Source Newsroom: National Cancer Institute (NCI) at NIH
Dr. Susan Holbeck, Ph.D., is a biologist in the Division of Cancer Treatment and Diagnosis at the National Cancer Institute. Her team spent two years testing all possible combinations of 100 cancer drugs currently approved by the FDA to see if any previously untested combinations are effective in certain cancers. 5,000 drug pairings were tested, totaling 300,000 experiments in all. Each pair of drugs was tested on the NCI-60, a panel of 60 diverse cell cultures, often referred to as cell lines. The NCI-60 allows researchers to analyze the anti-cancer properties of a compound on each of 60 unique cell samples from a wide range of cancers. As a result of this research, Holbeck’s team hopes to quickly bring several novel drug combinations to preclinical trials and then to the clinic.
Why did you decide to conduct this study?
Of the drugs that are out there, of all the possible pairs, less than a third of them have been tested together in people. That’s quite a large number that are already approved that have not been tested together. So, we hoped to find pairs of drugs that give a better effect than the single drugs alone. Can you get somewhere in treatment with a combination of drugs that you could not get with just the single agents? Once we find a drug pair that works better than we would expect for the single agents, we can take a look at the characterization of the cell line. We have a lot of molecular characterization data. We know the level of RNA expression in every gene in each of the cell lines. We have sequence data, protein data, and data on micro RNA expression. We can take all of that, do data mining and see why one cell line would respond well to combinations while another cell line would not. We can take a pair of observations and turn it into a rational, targeted drug that we can test in the clinic with a hypothesis.
What makes a study of this scale possible now?
The technologies for doing drug screenings have allowed smaller and smaller assays to be done and robotics have improved, so we decided it was a feasible effort to go ahead and do this. It is a one-time shot. It is a finite number of drugs and a finite number of cell lines and it has generated a large body of data that we hope will be useful to the research community.
About 0.1% of the tests produced positive results, showing a benefit in a number of cell lines. What does that mean moving forward?
When you are testing 300,000 combinations you can’t possibly take them all forward, even into animal testing, and certainly not into human testing. We take a look at the things that are most interesting. We want to see if we can discover, through data-mining, what might be things that we could develop a rationale for their use, and take those forward into animal testing. Then, we can see whether they actually have an affect on tumors, whether the combination is, in fact, better than a single agent on tumors in mice.
Your team tested the new combinations in human tumors grafted into mice. How does that work? Is that a common practice?
It is a very common practice. The mice are immunocompromised, so they don’t have an immune system. Their bodies are not going to fight off the graft. The cells can be implanted either under the skin of the mouse or implanted into a particular organ in the mouse and allowed to grow. You can measure how fast the tumor grows if you don’t treat it and how fast it grows if you give it drugs. You can use different doses of the drugs and different schedules. Whether this is actually predictive of what happens in the clinic, there is a lot of debate around that, but doing these experiments in mice allows you to say that you are able to deliver the drug to the tumor. You are able to have an effect on the tumor inside of something other than just a tissue culture dish. It is quite a big leap to go from cell lines to testing in humans. Mice are an intermediate step.
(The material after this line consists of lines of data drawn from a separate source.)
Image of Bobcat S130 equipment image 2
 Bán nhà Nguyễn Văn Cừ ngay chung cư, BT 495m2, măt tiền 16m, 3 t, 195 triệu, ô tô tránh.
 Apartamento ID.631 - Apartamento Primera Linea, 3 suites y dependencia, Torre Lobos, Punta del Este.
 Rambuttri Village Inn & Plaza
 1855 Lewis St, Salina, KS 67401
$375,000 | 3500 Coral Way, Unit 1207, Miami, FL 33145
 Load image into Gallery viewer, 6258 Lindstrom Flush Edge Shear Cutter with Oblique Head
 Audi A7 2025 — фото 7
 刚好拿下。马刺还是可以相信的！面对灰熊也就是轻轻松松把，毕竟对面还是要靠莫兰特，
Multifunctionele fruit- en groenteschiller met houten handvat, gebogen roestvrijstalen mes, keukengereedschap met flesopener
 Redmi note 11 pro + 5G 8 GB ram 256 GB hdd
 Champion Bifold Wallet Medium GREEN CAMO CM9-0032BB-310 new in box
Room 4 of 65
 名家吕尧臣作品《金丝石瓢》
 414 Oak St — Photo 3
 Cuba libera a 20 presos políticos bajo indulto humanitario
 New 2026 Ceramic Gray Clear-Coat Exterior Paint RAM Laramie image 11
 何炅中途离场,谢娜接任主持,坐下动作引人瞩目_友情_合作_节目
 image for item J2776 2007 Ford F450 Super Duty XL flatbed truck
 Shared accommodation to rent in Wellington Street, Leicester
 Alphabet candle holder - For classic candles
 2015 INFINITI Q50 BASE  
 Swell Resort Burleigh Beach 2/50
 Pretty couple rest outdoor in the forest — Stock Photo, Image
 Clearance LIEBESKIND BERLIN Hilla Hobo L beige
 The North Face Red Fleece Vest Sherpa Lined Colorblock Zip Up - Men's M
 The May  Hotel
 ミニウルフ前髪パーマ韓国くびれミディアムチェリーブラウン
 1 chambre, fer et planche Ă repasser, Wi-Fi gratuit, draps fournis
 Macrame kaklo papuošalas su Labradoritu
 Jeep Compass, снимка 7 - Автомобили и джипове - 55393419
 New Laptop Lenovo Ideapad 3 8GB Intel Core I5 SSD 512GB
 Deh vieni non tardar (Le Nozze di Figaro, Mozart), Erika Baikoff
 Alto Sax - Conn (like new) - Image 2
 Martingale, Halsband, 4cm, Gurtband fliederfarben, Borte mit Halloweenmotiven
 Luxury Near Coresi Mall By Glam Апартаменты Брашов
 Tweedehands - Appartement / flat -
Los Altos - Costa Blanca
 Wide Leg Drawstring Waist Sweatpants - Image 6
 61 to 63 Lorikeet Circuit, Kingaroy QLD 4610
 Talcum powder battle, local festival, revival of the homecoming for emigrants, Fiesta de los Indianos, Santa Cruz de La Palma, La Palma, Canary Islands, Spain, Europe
Why was it important for your team to test all possible drug combinations, stepping outside of what many scientists have long thought of as “rational combinations” (i.e. making scientific inferences about which pathways it might make sense to block simultaneously with different drugs)?
Let me make clear that the rational combinations are included in this study. Especially for a lot of the older drugs, their mechanisms are less well understood than the newer drugs. But even in the newer drugs, where someone has developed a drug that targets a specific kinase, for example, often, they will hit kinases in addition to the one that is being marketed. The drug will strongly affect one target and maybe less strongly affect another target but the secondary targets could provide a rational basis for combinations if we understood that.
Does the fact that all of these drugs are already approved by the FDA make the next stage of trials quicker or easier?
That is the hope. I am not an expert on the hurdles for getting a new use for an existing drug. Although, when you have a drug that is already approved, the hurdle is lower than it is for a drug that is not approved.